Service Information¶
Architecture¶
Data Transfer Monitoring is an asynchronous Python application to monitor file transfer notifications, end readout messages, and calculate transfer times of exposures to the USDF.
A day label is generated for the Observing Day and is added to the Prometheus metrics to allow for filtering by Observation Day in the Grafana.
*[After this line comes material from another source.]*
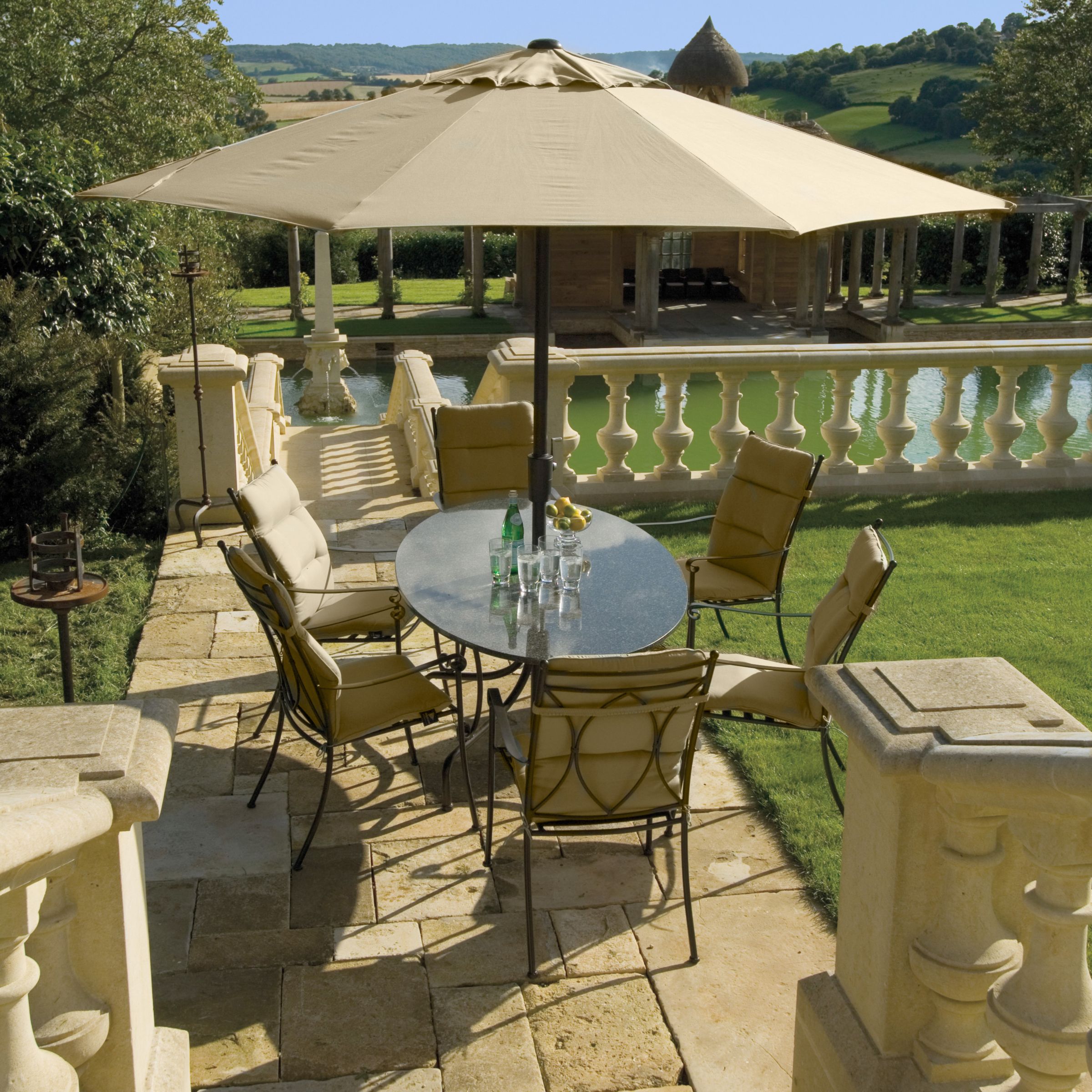 Neptune Provence Ellipse Outdoor Dining Set with 6 Armchairs at JohnLewis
Below is a breakdown of the Prometheus metrics used in the End to End Grafana Dashboard.
File Transfers¶
The Data Movers at the Summit sends files to the USDF Embargo Ceph cluster. Bucket Notifications for Objects Created on the rubin-summit bucket in the USDF are sent to the S3 File Notifications Kafka cluster. Data Transfer Monitoring connects to the S3 File Notifications Kafka cluster to listen for the file notifications. Data Transfer Monitoring (DTM) has a counter metric called dtm_file_messages_received_total to calculate the amount of files created. Note that there can be duplicate file notifications for files that are resent.
Transfer Time¶
The Camera creates End Readout Kafka messages which includes a timestampEndOfReadout field. This message is read by DTM to determine when to start the timer for calculating how long an exposure takes to transfer to the USDF. An asynchronous task is generated in Data Transfer Monitoring for each end of readout message. The tasks sleeps for 30 seconds waiting for the files to arrive. The last file that arrives during this window is used to calculate the end time for the exposure transfer. The transfer time is published in the dtm_s3_transfer_duration_seconds_bucket as a histogram Prometheus metric. Histogram buckets are defined here. Transfer times are reported at the bucket level. For example there are two buckets, 20 and 25 seconds. If transfer time is 22 seconds it will be reported at 25 seconds. The bucket values can be adjusted if the actual time of transfers does not match the profile of time break outs in the buckets. In the dashboards the histogram__quantile Grafana/Prometheus function is used to calculate percentile and median values. For example for the 98th percentile this function is used histogram_quantile(0.98, sum by(le,app) (rate(dtm_s3_transfer_duration_seconds_bucket[$__rate_interval])))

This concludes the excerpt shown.